Dana White blames the rash of injuries on overtraining. His theory is that fight camps, which used to have one world class fighter, now consist of numerous world class fighters and that the "iron sharpens iron" mentality is causing these fighters to hurt each other during training. It's not the most out there theory that I've heard and, to an extent, I do think some aspects of training – particularly overtraining – contributes greatly to the problem.
I do think, though, that much of the plague of injuries is simply a numbers game. There are more injuries simply because there are more events, though they seem lately to have crept into the upper portion of the card and especially the main events. Two of the last three pay-per-view main events were changed due to injury, and things got so bad that Brandon Vera
of all people is headlining what was supposed to be an important card coming up next week.
How'd that happen?
It's not that there aren't enough fighters.
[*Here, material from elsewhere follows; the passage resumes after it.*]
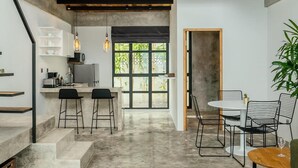 A modern kitchen with a bar area, a dining space with chairs, and a staircase leading to an upper level. - Berawa Loft 10 by Betterplace (Canggu)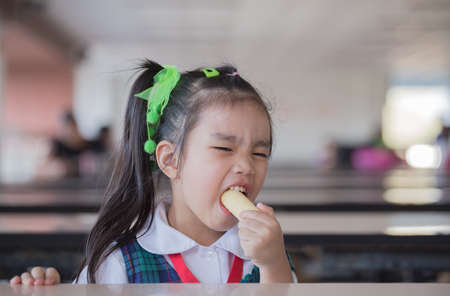 Students eat snacksの写真素材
In 2009, the UFC had 211 fighters listed under contract
and held 19 events. They currently, according to their website, have 361 fighters under contract and of this writing have already held 18 events. They're planning on doing somewhere in the neighborhood of over 30 for the whole year. Without taking weight class distribution into account, it seems that the ratio of fighters to events is relatively consistent.
Perhaps, the problem is that there's a lot of fighters but not a lot of stars
. That's the trouble with having so many fighters under contract: the more guys you have, the easier it is for them to get lost in the shuffle. A fighter has to go above and beyond with self-promotion to get noticed. Some will argue that an impressive performance alone will do that, however with the sheer number of events and the fan mentality of the sport, it's easy for people to forget a guy even on the heels of a vicious knockout win. Chris Weidman is the talk of 185 right now, but before him it was the man he knocked out. Such is the sport we love.
One answer for the UFC's quandary could be women's MMA. If the promotion is serious about doing a higher volume of shows on broadcast and cable that draw an audience, it would benefit greatly from using fighters that are not only competitive but also strong self-promoters. Ronda Rousey, Miesha Tate, Sarah Kaufman, and others have proven themselves to be incredibly effective self-promoters with press savvy that rivals some of the biggest draws of the UFC and blows many of them out of the water.
Dana White's hesitancy towards women's fighting has been, at least publicly, that he feels the competition level isn't ready for the big stage afforded by being in the UFC. Yet he's just added a flyweight division that has no major draws and little depth. Even the bantamweight and featherweight divisions, pre-established and built with WEC, see a lot of fighters from heavier weight classes having to make the transition to establish and legitimize (in the eyes of the casual fan) those divisions.
The fact is that no division, male or female, is ready for primetime until it's put in primetime. The only way for women's MMA to become strong, like every male weight division the UFC has added over the years, is to have a bigger presence on a larger stage.
The bottom line is that the recent injury plague that befell the UFC and disappointing resulting pay-per-view buyrates indicate the promotion is doing more shows than it has stars. Yet there are women fighters who are already doing the very things and taking the initiative to self-promote that the UFC needs more of its top tier male stars to do.
Moving women's MMA onto the main stage is a win-win for the promotion. They just have to be convinced.